Hacker News new | past | comments | ask | show | jobs | submit login

> Shouldn't it timeout only when the server is no longer ACK-ing packets?

That's exactly what happens. The server ACKs data until it fills its write buffer, and then stalls unresponsive until the entire buffer is flushed to disk. If it takes longer to flush the buffer to disk than the client's timeout, it gives up.

I have personally watched this happen via wireshark where the server doesn't ACK for more than 10 minutes.




That's not it. I only had this problem on a fast-ethernet connection (because I had to share the cable for two connections). The server could write ~ 50 MB/s, but it still timed out on the 10MB/s upload.


It's possible you were seeing another problem, but this issue is more likely to appear with a faster network connection, because the network transfer happens faster than the disk writes.

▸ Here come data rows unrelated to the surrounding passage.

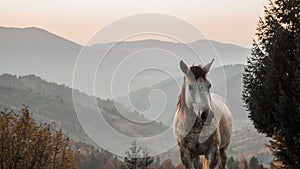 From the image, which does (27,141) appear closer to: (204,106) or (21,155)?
(21,155)

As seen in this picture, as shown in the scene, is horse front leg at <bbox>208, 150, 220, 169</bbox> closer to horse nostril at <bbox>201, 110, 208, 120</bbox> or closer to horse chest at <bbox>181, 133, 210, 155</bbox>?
horse chest at <bbox>181, 133, 210, 155</bbox>

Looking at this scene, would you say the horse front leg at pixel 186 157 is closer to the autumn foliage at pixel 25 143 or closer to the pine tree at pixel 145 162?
the autumn foliage at pixel 25 143

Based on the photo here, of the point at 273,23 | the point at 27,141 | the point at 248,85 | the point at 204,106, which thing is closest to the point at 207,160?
the point at 204,106

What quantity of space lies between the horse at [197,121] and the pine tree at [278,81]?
416cm

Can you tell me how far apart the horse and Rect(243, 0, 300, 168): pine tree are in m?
4.16

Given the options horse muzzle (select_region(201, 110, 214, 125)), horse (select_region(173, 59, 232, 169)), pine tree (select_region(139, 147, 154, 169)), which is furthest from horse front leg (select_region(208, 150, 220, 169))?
pine tree (select_region(139, 147, 154, 169))

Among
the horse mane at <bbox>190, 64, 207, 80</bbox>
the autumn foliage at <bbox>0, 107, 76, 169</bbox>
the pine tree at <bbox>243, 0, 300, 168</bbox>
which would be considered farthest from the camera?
the pine tree at <bbox>243, 0, 300, 168</bbox>

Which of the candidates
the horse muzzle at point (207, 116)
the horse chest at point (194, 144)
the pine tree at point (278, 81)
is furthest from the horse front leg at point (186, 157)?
the pine tree at point (278, 81)

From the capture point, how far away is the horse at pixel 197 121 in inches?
393

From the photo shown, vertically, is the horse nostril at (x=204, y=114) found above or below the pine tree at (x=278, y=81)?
below

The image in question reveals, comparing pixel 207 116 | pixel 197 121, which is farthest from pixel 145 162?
pixel 207 116

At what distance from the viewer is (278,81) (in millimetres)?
15500

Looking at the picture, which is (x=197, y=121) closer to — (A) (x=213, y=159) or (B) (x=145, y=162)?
(A) (x=213, y=159)

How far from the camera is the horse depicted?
9.98 m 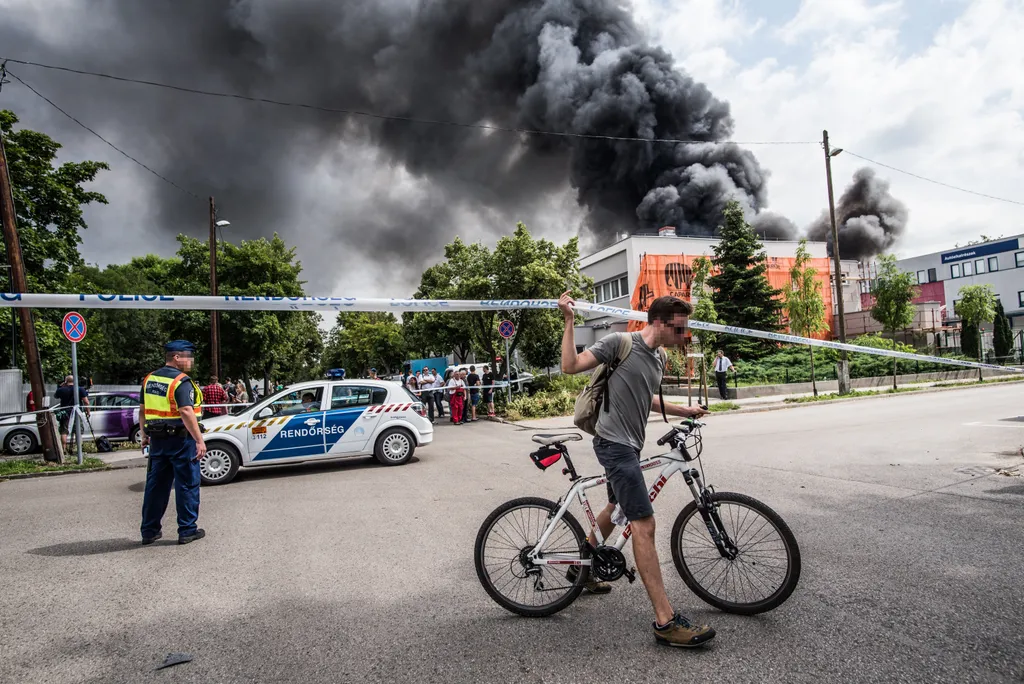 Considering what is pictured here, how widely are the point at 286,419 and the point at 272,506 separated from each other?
257 centimetres

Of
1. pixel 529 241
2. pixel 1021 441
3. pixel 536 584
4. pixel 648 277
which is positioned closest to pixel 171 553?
pixel 536 584

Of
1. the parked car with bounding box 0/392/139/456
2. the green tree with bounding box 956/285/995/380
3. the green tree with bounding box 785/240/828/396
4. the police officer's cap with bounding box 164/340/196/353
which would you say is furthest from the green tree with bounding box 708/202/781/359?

You can confirm by watching /proc/meminfo and watching the Dirty and Writeback numbers.

Changing up the vm.dirty* settings can help as described here:

https://lonesysadmin.net/2013/12/22/better-linux-disk-cachin...


Holy shit i think you and the above comment, along with this thread, may have finally given me the answer to one of the few problems i was never able to solve.

About 4-5 years ago, i was working on a project, and part of that was copying big amounts of data to a system via nfs. At 30 minutes exactly, nfs would croak, transfer fails.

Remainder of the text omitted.